ROME, Vendredi 24 décembre 2010 – Construire un avenir meilleur en faisant un « sérieux examen de conscience » et en tirant les leçons des cinquante années passées : c’est ce que souhaite la Conférence épiscopale du Tchad (CET) qui, en cette année 2010, centre son message de Noël sur « les ingrédients » qui peuvent faire de son pays « un Tchad nouveau », comme l’indique l’intitulé de ce message qui s’inscrit dans la perspective de la célébration du cinquantenaire de l’accession du Tchad à la souveraineté internationale.

messagedenoldesvquesdutchad.jpgCe message renferme une série d’appels aux citoyens et citoyennes du Tchad à relever de « grands défis », pour « la promotion humaine et sociale de tous ».

Les questions de la terre et de la propriété foncière, celles d’une meilleure gouvernance, de l’éducation, de la santé, d’une justice équitable ainsi que la réconciliation des tchadiens, occupent une place de choix dans ce message qui stigmatise également le phénomène de la corruption, « un mal qui gangrène le Tchad », a souligné Mgr Bouchard, lors de sa présentation, le 13 décembre dernier.

« Certains tirent profit de la situation actuelle mais la majorité de la population en subit les conséquences et risque de sombrer dans le découragement le plus total.

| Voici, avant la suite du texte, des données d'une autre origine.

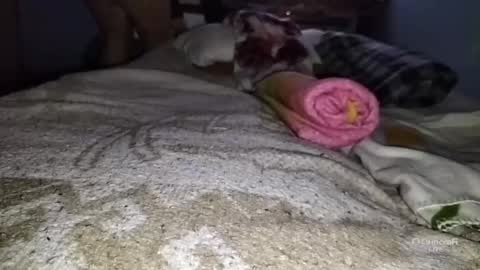 Snapshot of tangaxhentai3 chatting on 6, 1, 2025 tangaxhentai3 online show from 6, 1, 2025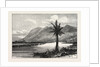 Mount Carmel and the Kishon by Anonymous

Est-ce cela que nous voulons ? », s’interrogent les évêques tchadiens.

Ils rappellent que la corruption « est criminelle » devant la loi, et qu’elle doit donc être punie, mais qu’elle est aussi « inconciliable avec la religion », ajoutant que la « piété » ne saurait se réduire « uniquement à la prière et au culte », mais « doit imprégner toute la vie ».

Les évêques tchadiens reconnaissent les apports de l’indépendance du pays, il y a 50 ans, tels que la prise de conscience de la citoyenneté tchadienne, l’émergence de la société civile, l’affirmation de la liberté d’expression, les efforts pour une plus grande démocratie et pour un mieux-être social, mais déplorent que ceux-ci aient très vite été assombris par « des abus de pouvoir » qui, provoquant rebellions puis guerres et fractures ethniques, ont favorisé « le repli sur soi, suscité des haines, et empêché le pays de progresser ».